Essa igreja dos exorcismos certamente daria o seu aval a todos aqueles valores, e sem pestanejar os incluiria na categoria dos fundamentos superiores da espiritualidade. Mas com uma condição: desde que eles viessem da Bíblia, ou da boca dos seus pastores, e nunca de outras fontes. O recado que ela queria dar àqueles candidatos às vagas de fieis era portanto bem claro: seriam aceitos, desde que renunciassem publicamente a tudo neles que cheirasse a negritude, tudo que tivesse sabor de índio, tudo que fosse diferente dos padrões eleitos pela igreja.

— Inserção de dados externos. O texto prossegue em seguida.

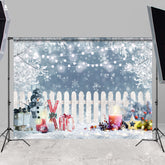 Lofaris White Snow Tree Fence Snowman Gift Backdrops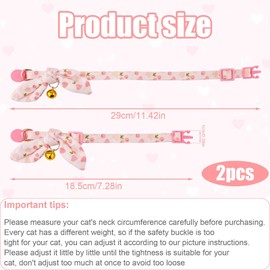 2pcs Cotton Bowtie Cat Collar with Bell, Breakaway Cute Bow Tie Kitten Collars Adjustable Cherry & Pink Heart Cat Collar for Female Cats Girl and Boy Pets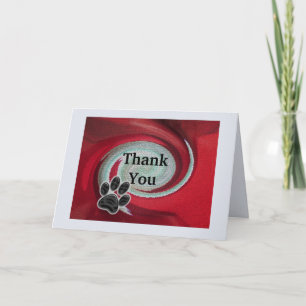 Thank You Pet Sitter Red Swirl Abstract Paw Print Card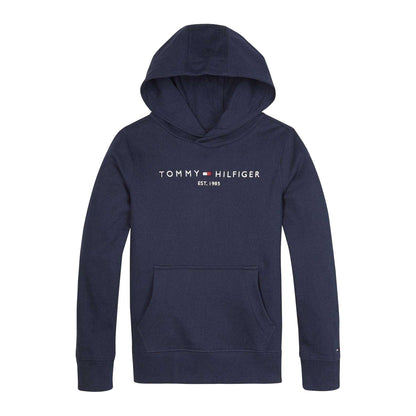 Navy - Front - Tommy Hilfiger Boys Embroidered Logo Cotton Hoodie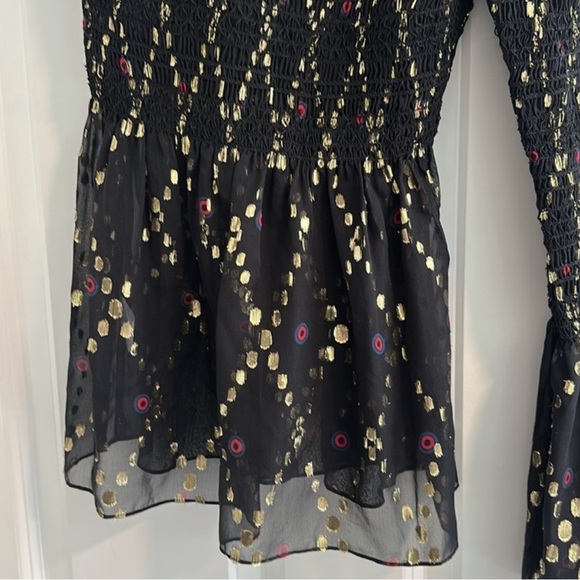 NWOT ALC Cossette Mock Neck One-Shoulder Smocked Silk Blouse size US4 - Picture 13 of 15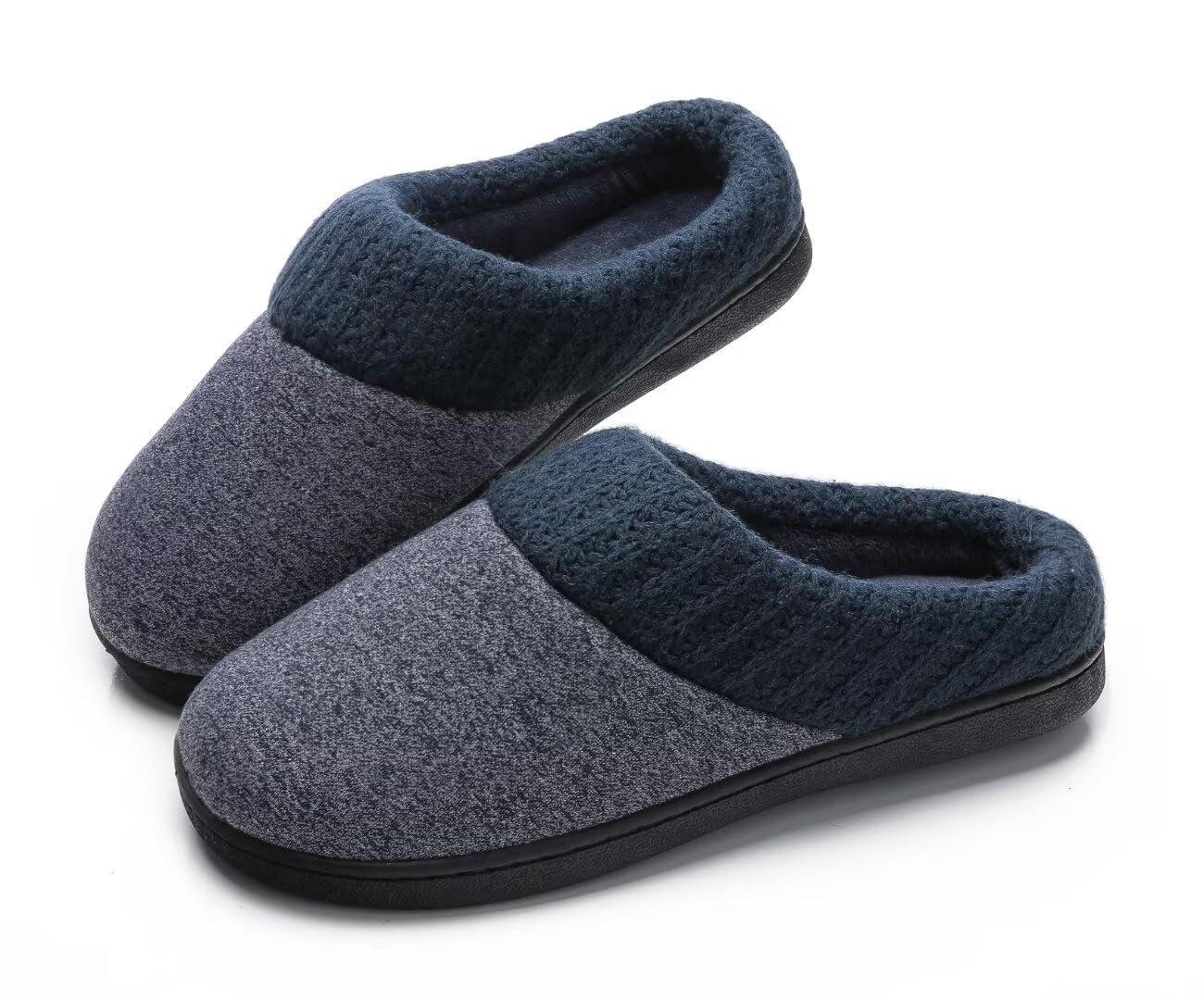 Women's Slippers Comfy Coral Fleece Lined Knitted Fabric Cozy Soft Slipper Slip On Memory Foam Home Shoes Indoor Outdoor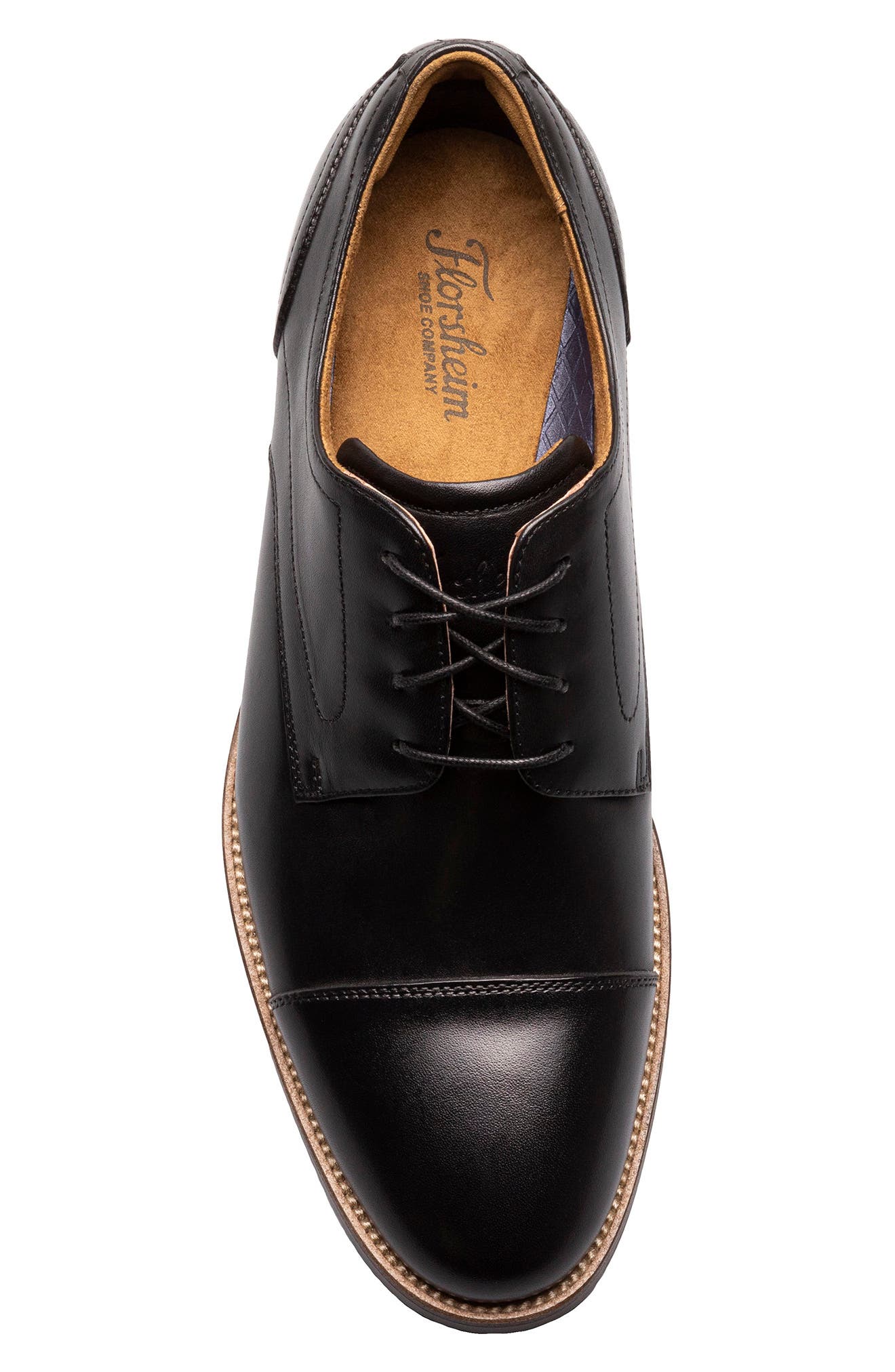 Florsheim Rucci Cap Toe Derby, Alternate, color, Black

Racismo puro. Mas não racismo apenas pela cor da pele, e sim pela cor da alma. Racismo cultural e religioso.
Mas há, felizmente, uma grande diferença entre religião e espiritualidade, e nunca será demais insistir nela.
Religiões são sistemas de crenças que vão se cristalizando no tempo e no espaço, até tornarem-se, via de regra, organismos duros e impermeáveis. O movimento das religiões é em geral de tipo côncavo, voltado para si mesmo. Como o ego neurótico que pouco a pouco perde o contato com o mundo exterior e que desenvolve uma fobia para com tudo aquilo que é diferente dele, a maioria das religiões acaba comprimida e limitada em si mesma, isolada de qualquer contexto maior. Porisso precisa de dogmas, de postulados e fundamentos arbitrários, muitas vezes destituídos de qualquer lógica, para preservar o seu poder e a sua ortodoxia. Para as religiões, racismos disfarçados constituem uma triste constante.
Espiritualidade é o contrário de tudo isso. A verdadeira espiritualidade é aberta. Seu movimento é de tipo convexo, heterodoxo, voltado para o mundo e para o cosmo. Espiritualidade não é coisa do ego, e sim da alma. Daquela parte essencial de nós que, por estar mais perto do Self, não conhece barreiras nem limites, e está a um passo de Deus. Espiritualidade é livre, e não precisa de nenhuma lógica para existir, porque ela é a própria lógica na acepção superior da palavra. Suas crenças – se é que neste caso podemos usar o termo crença – são colhidas no vasto celeiro da Sabedoria Universal. Aquele acervo infinito de valores que, por não pertencerem a ninguém, pertencem a todos. E por isso podem ser encontradas na própria base da sabedoria de qualquer religião verdadeira, seja ela ocidental ou oriental, preta, branca, amarela, azul ou violeta. A espiritualidade, como a mãe natureza e como a alma humana, também ama a diferença, pois sabe perfeitamente que Deus, a Unidade, manifesta-se no mundo através da diversidade. E sabe que cada parte diversa que existe no mundo é uma parte de Deus. Por isso, para a espiritualidade, qualquer racismo é uma abominação.